CLV predicts the potential value of a customer and informs marketing efforts to maximize that value. Its value, says Martha Rogers, lies also in its tendency to grab the attention of top executives better than customer loyalty stats or the popular net promoter score.
"Actual current value is useful, but actual value coupled with potential value could make me a genius," said Rogers. "If I could only be there at the right moment and anticipate a customer's needs, I could deploy my sales force to where the money should be tomorrow. Further, you then could determine which of two customers, both equal in sales, has the greater potential.

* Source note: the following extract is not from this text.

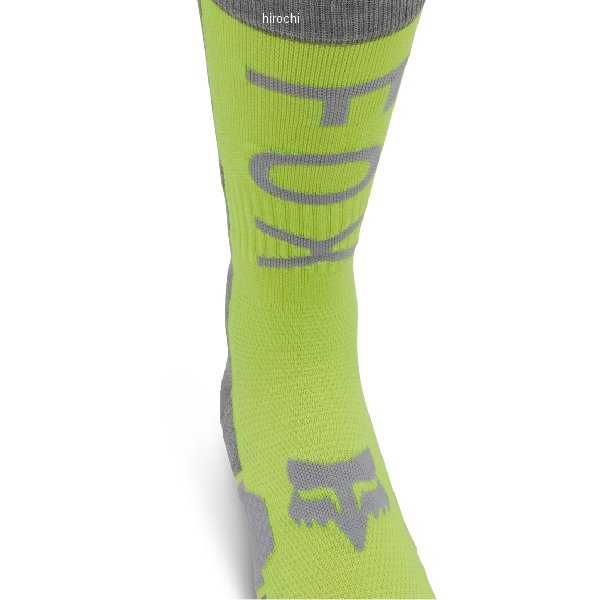 【メーカー在庫あり】 フォックス FOX 360 ソックス ディバイダー グレー/イエロー Mサイズ G5395 JP店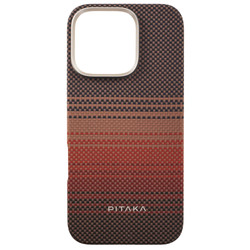 Изображение товара Накладка  Pitaka Tactile Woven Case для Apple iPhone 16 Pro коричневый/серый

To treat them as having the same value is insanity."
How to apply customer lifetime value to the marketing function becomes clearer when companies realize there is an upper limit on how much they should spend to acquire a new customer, as well as a limit on the money spent to retain a current one.
"Companies that look at the costs of serving customers, and not just the revenue they bring in, have found that a lot of customers can be unprofitable," said Phillip E. Pfeifer, professor of business administration at the University of Virginia's Darden School. Pfeifer wrote the CLV section of the book, "Marketing Metrics: 50+ Metrics Every Executive Should Master," published last year by Wharton School Publishing.

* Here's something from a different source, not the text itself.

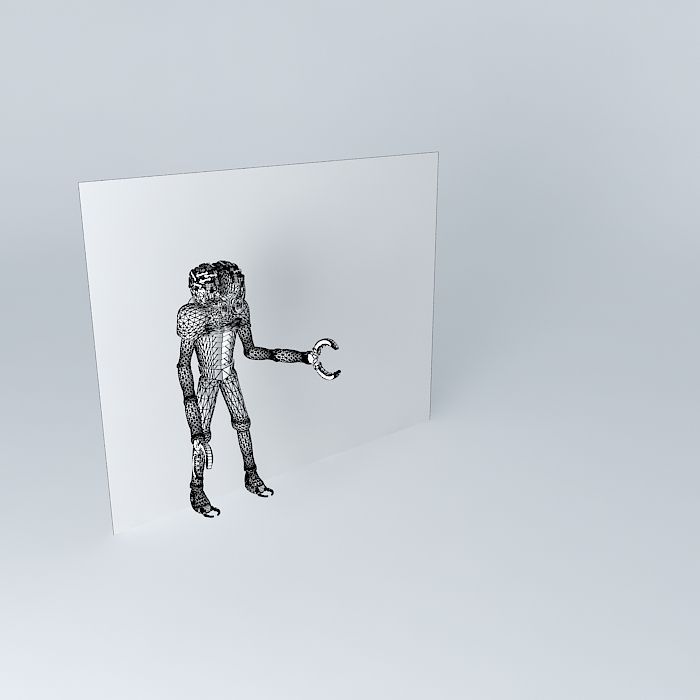 METALUNA MUTANT from the movie this island earth 1955 3D model_3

"Marketers are being asked to be more quantitative about things, and whether the money they're spending makes a difference or not," Pfeifer said. As an example, he cited direct mail: If the assumption is that all prospects have the same likelihood of responding to the mailer, one can simply run an average of the cost of the entire campaign against its ultimate response rate.
"But since you know through your scoring model that the top percentage of prospects will respond best, obviously you start at the top," he said. "Where you stop mailing is in determining the value you'll ultimately get from customers lower on the list."
A standard formula for determining customer lifetime value multiplies a customer's current margin (assuming it won't change over time) by the "present value" of the future relationship, factoring in a standard discount (since money paid later is worth less than money paid now). It sounds heady, but it doesn't have to be that complex.
"If it costs $1,000 to generate a customer, and we get $999 from him, it's not a good deal for us," said Peter Justen, CEO of Mybizhomepage, a Web portal for small businesses that displays a user's QuickBooks information in dashboard form. Mybizhomepage, free to users, typically offers its service to other businesses, such as banks, eager to attract its own customers to a customized Mybizhomepage portal.
To determine the CLV of its users, the company looks at how many are using it as their home page. If a channel partner's portal has powerful CLV, Justen said, he may pump in more marketing dollars in support.
"I don't use difficult formulas," Justen said. "Business is hard enough. The tough part of business is keeping it simple."
A much larger company is Rhom and Haas, a manufacturer of specialty chemicals, which is using a variant of CLV called share of requirements to fine-tune its allocation of marketing resources in favor of those customers with greater potential for incremental sales.
"We found that we were wasting resources putting them against customers that didn't deserve it," said Gerry Lopez, director of marketing excellence. "When you come to a significantly different conclusion on how to deploy marketing and service resources, it can show you tremendous opportunity."
If there are downsides to determining customer lifetime value, they may lie in two areas. First, it's a fairly complex metric that requires faith in predictions (or a consultant to parse it for you); second, it can be tough to get appropriate data. To get accurate CLV values, many b-to-b companies have to reach through a phalanx of resellers to assess their ultimate customers.
Moreover, lifetime analysis tends to stumble over the historical disconnect between marketing and sales, said Tony Jaros, VP-research at Sirius Decisions. Sales often is reluctant to share information, he noted.
"The question is, who owns the data and the customer?" Jaros said. "We often find that intelligence about a customer doesn't get captured anywhere except in the salesperson's brain. I love the theory of CLV; it can be very powerful, but only when used correctly. It's not a savior of a company's shortcomings."